1.12.21

Os russos não bebem vodka e outras falácias que tais

Ólafur Arnalds, “The Final Chapter”, in https://www.youtube.com/watch?v=rUL04sHIVhI

Os sinos repicam e não é por haver finados. Repicam como uma homenagem ao avesso à desonestidade intelectual. Alguém disse: “eu não gosto de discussões, porque há muitas falácias a contaminá-las à partida.” Se as pedras se retirassem e ficasse apenas o estuque, tudo seria candidato à próxima ruína. Em vez disso, aperaltados trovadores da retórica emprestam-se ao prémio da estultícia dominante.
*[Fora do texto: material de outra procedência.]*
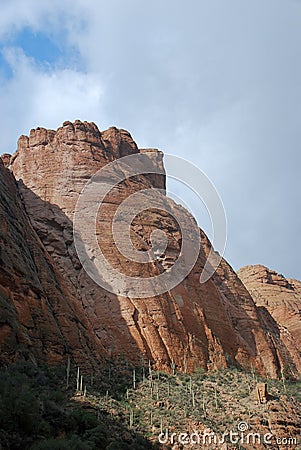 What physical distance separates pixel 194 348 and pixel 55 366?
55.2ft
Do gongórico matraquear da palavra não se extrai o merecimento de causa, tantas vezes os argumentos se enredam em solilóquios que são a melhor maquilhagem para a honestidade em desuso.

Talvez seja melhor evitar as discussões. Sobretudo com aqueles que estão fadados para as vencer – como se entrar numa discussão fosse o mote para a levar de vencida. Tal seja o arquétipo, é condição prévia de um festival de distorcidos pressupostos. Quantas não são as ocasiões em que a discussão é previamente formatada por pressupostos alfaiate, aqueles que se preconcebem com o propósito não escondido de conduzir a discussão até ao pessoal triunfo? Como se tivéssemos de acreditar que os russos não bebem vodka como os árabes não ingerem carne de porco, só porque a imagem dos russos a recusarem vodka é condição de base para provar que eles são gordos (regra geral) por terem deixado de consumir vodka. A verificação empírica desmentiria o argumento e, acima de tudo, o pressuposto. Mas a Rússia continua a ser um lugar longínquo, não escrutinado pela observação direta do observador. É quando a mentira ganha terreno fértil.
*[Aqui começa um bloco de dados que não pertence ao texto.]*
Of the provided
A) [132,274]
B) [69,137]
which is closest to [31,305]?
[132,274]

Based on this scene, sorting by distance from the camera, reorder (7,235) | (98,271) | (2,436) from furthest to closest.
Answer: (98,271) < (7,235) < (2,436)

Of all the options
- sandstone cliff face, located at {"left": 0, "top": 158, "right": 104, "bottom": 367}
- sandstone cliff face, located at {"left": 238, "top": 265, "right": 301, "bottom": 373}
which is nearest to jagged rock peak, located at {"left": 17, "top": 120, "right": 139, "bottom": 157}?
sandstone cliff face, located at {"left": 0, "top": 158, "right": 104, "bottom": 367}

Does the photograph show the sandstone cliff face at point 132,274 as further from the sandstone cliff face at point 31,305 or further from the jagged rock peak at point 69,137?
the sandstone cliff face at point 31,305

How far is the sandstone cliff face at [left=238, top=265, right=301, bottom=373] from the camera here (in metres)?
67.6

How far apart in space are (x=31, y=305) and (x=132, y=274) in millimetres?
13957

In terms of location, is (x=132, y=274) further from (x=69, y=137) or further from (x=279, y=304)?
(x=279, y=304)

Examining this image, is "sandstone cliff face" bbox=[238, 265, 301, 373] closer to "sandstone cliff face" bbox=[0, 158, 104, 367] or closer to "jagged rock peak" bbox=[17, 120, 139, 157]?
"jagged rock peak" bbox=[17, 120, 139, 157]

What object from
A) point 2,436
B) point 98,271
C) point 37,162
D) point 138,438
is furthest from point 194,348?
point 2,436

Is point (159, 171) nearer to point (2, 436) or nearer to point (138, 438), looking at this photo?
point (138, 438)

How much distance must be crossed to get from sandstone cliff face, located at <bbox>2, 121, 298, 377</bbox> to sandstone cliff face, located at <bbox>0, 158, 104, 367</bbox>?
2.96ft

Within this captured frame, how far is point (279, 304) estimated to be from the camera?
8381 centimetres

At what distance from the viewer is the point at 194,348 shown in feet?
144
Se somos pássaros, ao menos que nos seja concedida a graça de voarmos desagrilhoados, como é típico dos pássaros que não vivem em cativeiro. Os que se encerram em propositadas falácias querem engaiolar os outros que deles divergem. Não percebem que mostram, e antes dos demais, que são aves privadas de liberdade. A adulteração dos termos de uma discussão “só porque” é preciso levá-la de vencido é como passar um cheque em branco aos argumentos que se esgrimem sob a batuta do aleatório. Os seus fautores são pássaros enjaulados, reféns da sua própria indigência.
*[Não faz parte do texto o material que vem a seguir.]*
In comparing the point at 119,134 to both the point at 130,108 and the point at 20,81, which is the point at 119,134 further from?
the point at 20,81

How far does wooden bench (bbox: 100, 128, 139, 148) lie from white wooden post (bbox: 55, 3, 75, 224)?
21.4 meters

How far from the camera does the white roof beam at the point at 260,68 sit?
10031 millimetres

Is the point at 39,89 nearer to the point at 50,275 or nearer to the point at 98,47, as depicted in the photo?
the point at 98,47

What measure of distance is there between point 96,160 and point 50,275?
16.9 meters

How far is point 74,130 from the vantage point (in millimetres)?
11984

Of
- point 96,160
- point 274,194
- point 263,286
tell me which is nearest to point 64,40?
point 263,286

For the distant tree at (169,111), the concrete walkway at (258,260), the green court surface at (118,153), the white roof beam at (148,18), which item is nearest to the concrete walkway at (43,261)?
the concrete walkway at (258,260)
É mais importante ensinar nas escolas como devem os petizes proceder para não capitular perante as falácias que os seduzem. Mais importante do que a continuação da propaganda serodiamente nacionalista que narra as proezas de uma gesta inteira que, na fórmula oficial, deu a conhecer novos mundos ao mundo. Para que a História não seja um pedaço de falácia.